TASK TO CARRY OUT -> Write out exactly the lines of the entries below from the one holding "La leyenda del" to the one holding "Topman Topman skinny chino shorts in grey 2", inclusive, and leave out all other lines.

- Opening Delimiter -

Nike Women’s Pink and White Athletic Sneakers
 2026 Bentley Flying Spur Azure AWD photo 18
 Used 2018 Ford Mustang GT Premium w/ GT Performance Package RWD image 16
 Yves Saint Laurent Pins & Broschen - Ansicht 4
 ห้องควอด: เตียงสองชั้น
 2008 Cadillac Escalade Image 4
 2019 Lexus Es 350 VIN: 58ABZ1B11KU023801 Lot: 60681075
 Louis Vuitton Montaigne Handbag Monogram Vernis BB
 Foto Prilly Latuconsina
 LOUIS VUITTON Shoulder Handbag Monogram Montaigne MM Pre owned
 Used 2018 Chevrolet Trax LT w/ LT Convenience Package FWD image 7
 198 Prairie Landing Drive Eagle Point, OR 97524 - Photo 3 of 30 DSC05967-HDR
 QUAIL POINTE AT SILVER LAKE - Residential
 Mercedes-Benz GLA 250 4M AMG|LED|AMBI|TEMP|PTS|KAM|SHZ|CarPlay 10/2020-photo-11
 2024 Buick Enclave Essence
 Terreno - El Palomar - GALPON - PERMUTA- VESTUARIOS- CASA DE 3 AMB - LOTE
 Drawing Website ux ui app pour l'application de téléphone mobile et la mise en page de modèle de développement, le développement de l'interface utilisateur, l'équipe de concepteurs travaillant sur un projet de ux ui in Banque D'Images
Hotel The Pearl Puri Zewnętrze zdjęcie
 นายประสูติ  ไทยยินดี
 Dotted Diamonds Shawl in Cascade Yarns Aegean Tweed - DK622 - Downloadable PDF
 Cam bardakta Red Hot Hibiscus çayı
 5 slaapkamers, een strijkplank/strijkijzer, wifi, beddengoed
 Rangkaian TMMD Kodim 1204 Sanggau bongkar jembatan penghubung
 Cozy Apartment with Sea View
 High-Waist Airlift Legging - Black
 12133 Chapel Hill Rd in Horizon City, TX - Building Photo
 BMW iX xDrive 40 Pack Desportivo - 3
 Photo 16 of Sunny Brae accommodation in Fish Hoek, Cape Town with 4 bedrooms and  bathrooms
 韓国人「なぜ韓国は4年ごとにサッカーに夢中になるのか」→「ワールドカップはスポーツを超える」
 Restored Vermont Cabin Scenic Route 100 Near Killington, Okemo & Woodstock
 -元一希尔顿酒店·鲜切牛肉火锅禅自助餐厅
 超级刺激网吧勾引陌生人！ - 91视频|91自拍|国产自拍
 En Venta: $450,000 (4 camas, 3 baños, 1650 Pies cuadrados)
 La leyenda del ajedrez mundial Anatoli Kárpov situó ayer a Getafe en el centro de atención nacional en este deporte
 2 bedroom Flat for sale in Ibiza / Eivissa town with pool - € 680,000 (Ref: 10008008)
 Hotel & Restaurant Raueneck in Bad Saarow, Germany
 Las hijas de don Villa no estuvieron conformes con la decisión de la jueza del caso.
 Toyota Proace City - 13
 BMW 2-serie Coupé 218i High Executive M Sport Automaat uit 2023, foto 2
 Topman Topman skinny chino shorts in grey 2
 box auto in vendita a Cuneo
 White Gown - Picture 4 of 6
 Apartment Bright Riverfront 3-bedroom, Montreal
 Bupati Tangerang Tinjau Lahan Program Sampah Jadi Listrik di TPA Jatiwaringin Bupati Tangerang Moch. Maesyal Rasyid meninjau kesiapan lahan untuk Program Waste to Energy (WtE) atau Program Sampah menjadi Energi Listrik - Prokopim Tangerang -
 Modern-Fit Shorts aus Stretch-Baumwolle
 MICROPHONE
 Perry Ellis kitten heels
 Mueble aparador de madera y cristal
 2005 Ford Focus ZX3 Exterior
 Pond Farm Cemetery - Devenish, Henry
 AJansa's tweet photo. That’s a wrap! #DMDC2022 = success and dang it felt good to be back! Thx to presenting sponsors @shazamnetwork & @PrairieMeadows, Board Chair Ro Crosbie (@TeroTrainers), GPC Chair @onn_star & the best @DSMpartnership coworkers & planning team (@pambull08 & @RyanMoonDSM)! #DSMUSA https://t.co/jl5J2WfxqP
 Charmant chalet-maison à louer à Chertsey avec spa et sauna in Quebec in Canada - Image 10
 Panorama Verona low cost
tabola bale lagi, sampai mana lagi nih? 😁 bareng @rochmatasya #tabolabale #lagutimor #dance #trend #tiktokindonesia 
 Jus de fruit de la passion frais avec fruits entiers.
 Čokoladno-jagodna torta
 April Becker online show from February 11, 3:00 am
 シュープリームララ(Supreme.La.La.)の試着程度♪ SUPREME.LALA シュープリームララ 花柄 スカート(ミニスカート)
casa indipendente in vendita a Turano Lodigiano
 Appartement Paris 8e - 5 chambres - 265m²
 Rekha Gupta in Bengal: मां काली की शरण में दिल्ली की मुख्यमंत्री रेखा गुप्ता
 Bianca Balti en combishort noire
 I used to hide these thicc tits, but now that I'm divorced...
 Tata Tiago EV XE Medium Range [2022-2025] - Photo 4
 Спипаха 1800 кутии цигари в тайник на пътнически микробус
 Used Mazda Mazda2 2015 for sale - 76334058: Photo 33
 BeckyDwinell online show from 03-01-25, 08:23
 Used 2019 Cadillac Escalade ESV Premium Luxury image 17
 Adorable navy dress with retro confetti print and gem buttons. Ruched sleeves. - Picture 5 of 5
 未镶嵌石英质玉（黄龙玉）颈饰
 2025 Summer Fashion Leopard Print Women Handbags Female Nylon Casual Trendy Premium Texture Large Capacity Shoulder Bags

- Closing Delimiter -

EXERCISE OUTPUT ->
 La leyenda del ajedrez mundial Anatoli Kárpov situó ayer a Getafe en el centro de atención nacional en este deporte
 2 bedroom Flat for sale in Ibiza / Eivissa town with pool - € 680,000 (Ref: 10008008)
 Hotel & Restaurant Raueneck in Bad Saarow, Germany
 Las hijas de don Villa no estuvieron conformes con la decisión de la jueza del caso.
 Toyota Proace City - 13
 BMW 2-serie Coupé 218i High Executive M Sport Automaat uit 2023, foto 2
 Topman Topman skinny chino shorts in grey 2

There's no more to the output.